A Real-World Example
Let's bring everything together. Here's a UserProfile model that uses most of what we've covered:
import uuid
from datetime import datetime
from enum import Enum
from typing import Annotated, List, Optional
from pydantic import BaseModel, Field
from pyfake import Pyfake
class AccountStatus(str, Enum):
ACTIVE = "active"
SUSPENDED = "suspended"
PENDING = "pending"
class Address(BaseModel):
street: Annotated[str, Field(min_length=5, max_length=80)]
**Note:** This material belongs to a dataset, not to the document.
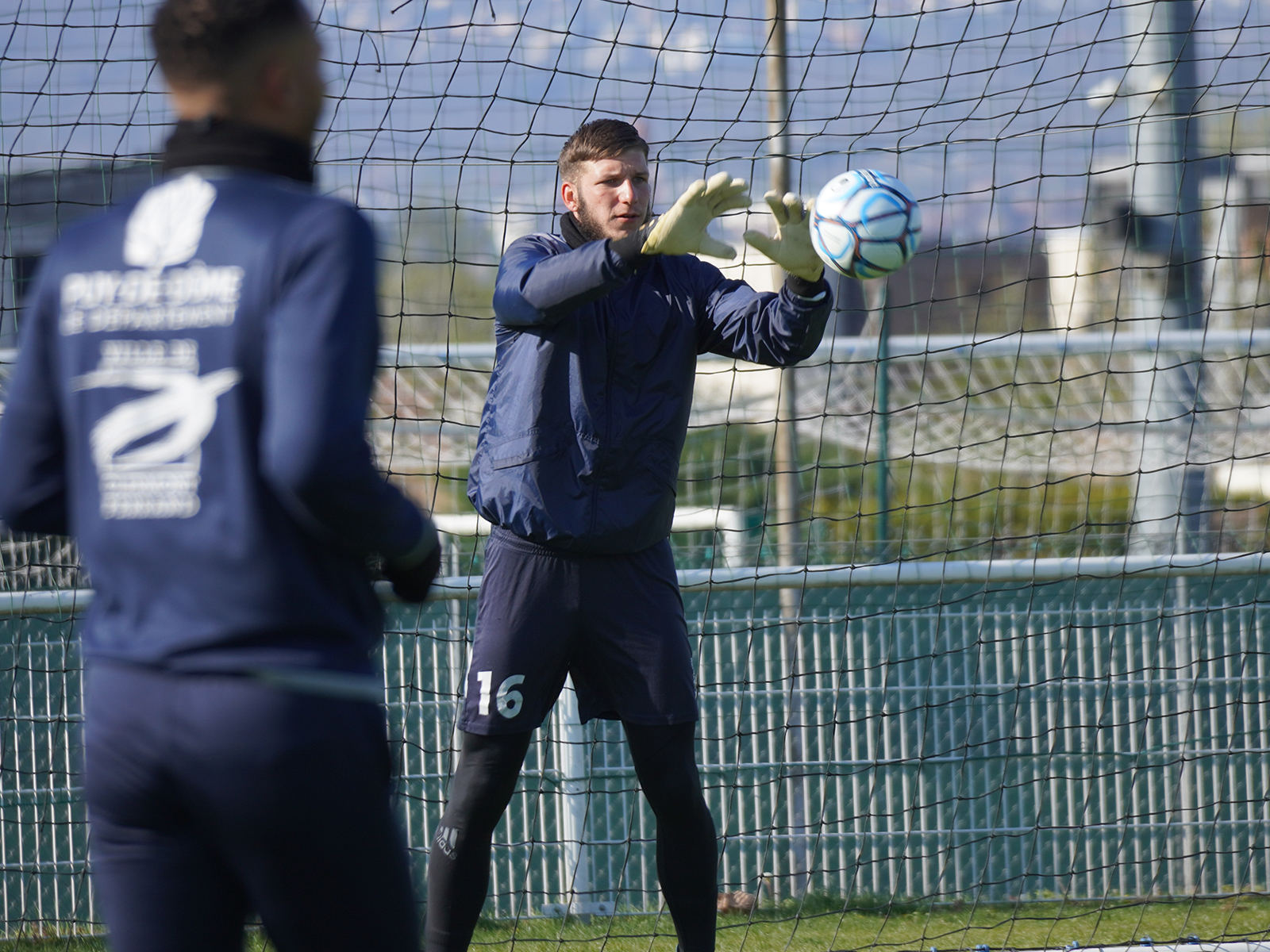 La séance du jeudi en photos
city: Annotated[str, Field(min_length=2, max_length=50)]
country_code: Annotated[str, Field(min_length=2, max_length=2)]
class UserProfile(BaseModel):
id: uuid.UUID
username: Annotated[str, Field(min_length=3, max_length=30)]
age: Annotated[int, Field(ge=18, le=120)]
score: Annotated[float, Field(ge=0.0, le=100.0)]
status: AccountStatus
tags: Annotated[List[str], Field(min_length=1, max_length=5)]
address: Address
joined_at: datetime
last_seen: Optional[datetime]
profiles = Pyfake.from_schema(UserProfile, num=2, seed=99)
{'id': UUID('9a8b7c6d-5e4f-3a2b-1c0d-e8f7a6b5c4d3'), 'username': 'kLmNo', 'age': 72, 'score': 91.45, 'status': <AccountStatus.PENDING: 'pending'>, 'tags': ['xYzAb'], 'address': {'street': 'CdEfGhIjKl', 'city': 'MnOpQr', 'country_code': 'ST'}, 'joined_at': datetime.datetime(2078, 11, 3, 15, 2, 0), 'last_seen': datetime.datetime(2089, 6, 21, 7, 30, 0)}
Two fully-valid UserProfile dicts, every constraint respected, the nested Address populated, last_seen occasionally None. Swap num for however many you need, drop the seed for fresh data each run.
Tip
Use as_dict=False here if you want typed UserProfile instances that support method calls, serialisation, and IDE autocomplete — the generation logic is identical, just the return type changes.